Wall Street has high hopes for company earnings this spring, and weak results from the world’s largest health care products company, and one of the biggest financial firms, had them concerned. Johnson & Johnson took its biggest one-day loss in a year. Investors also looked for safety after the British government called for a surprise early election next month. Bond prices and the pound rose and European stock indexes tumbled.
The Standard & Poor’s 500 index shed 6.82 points, or 0.3 percent, to 2,342.19. The Dow Jones industrial average lost 113.64 points, or 0.6 percent, to 20,523.28. Goldman Sachs was responsible for most of that loss.

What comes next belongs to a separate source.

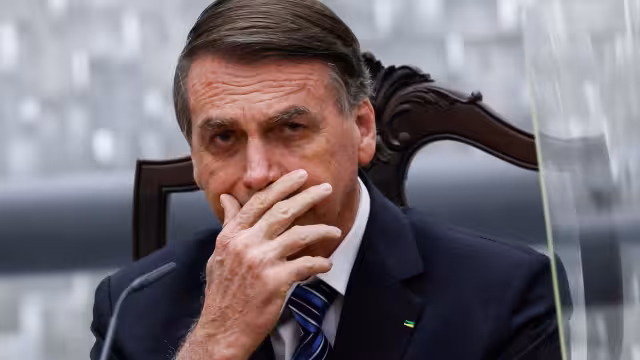 Inhabilitan a Bolsonaro por abuso de poder en Brasil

The Nasdaq composite fell 7.32 points, or 0.1 percent, to 5,849.47. The Russell 2000 index of small-company stocks recovered from an early loss and rose 0.71 points, close to 0.1 percent, to 1,361.89.
Johnson & Johnson stumbled after investors were disappointed with its sales. The maker of Tylenol and Band-Aids lost $3.90, or 3.1 percent, to $121.82.
Goldman Sachs’ revenue fell short of investor projections in the first quarter as its highly-regarded trading desks didn’t perform as well as their competitors. The stock gave up $10.6, or 4.7 percent, to $215.59, its biggest loss since June. The stock reached all-time highs above $250 a share in March.
As investors snapped up government bonds, their prices jumped. The yield on the 10-year Treasury note fell to 2.18 percent, its lowest since Nov. 11. It finished at 2.25 percent Monday.
U.S. crude oil futures lost 24 cents to $52.41 a barrel in New York. Brent crude, used to price international oils, lost 47 cents to $54.89 per barrel in London.
Wholesale gasoline fell 1 cent to $1.71 a gallon and heating oil dipped 1 cent to $1.62 a gallon. Natural gas lost 2 cents to $3.15 per 1,000 cubic feet.
Gold rose $2.20 to $1,294.10 an ounce. Silver skidded 24 cents, or 1.3 percent, to $18.27 an ounce. Copper fell 7 cents, or 2.6 percent, to $2.53 a pound.
The dollar slipped to 108.42 yen from 108.59 yen. The euro rose to $1.0730 from $1.0642.
The benchmark Nikkei 225 index in Japan added 0.4 percent while South Korea’s Kospi edged up 0.1 percent to 2,148.46. The Hang Seng of Hong Kong shed 1.4 percent.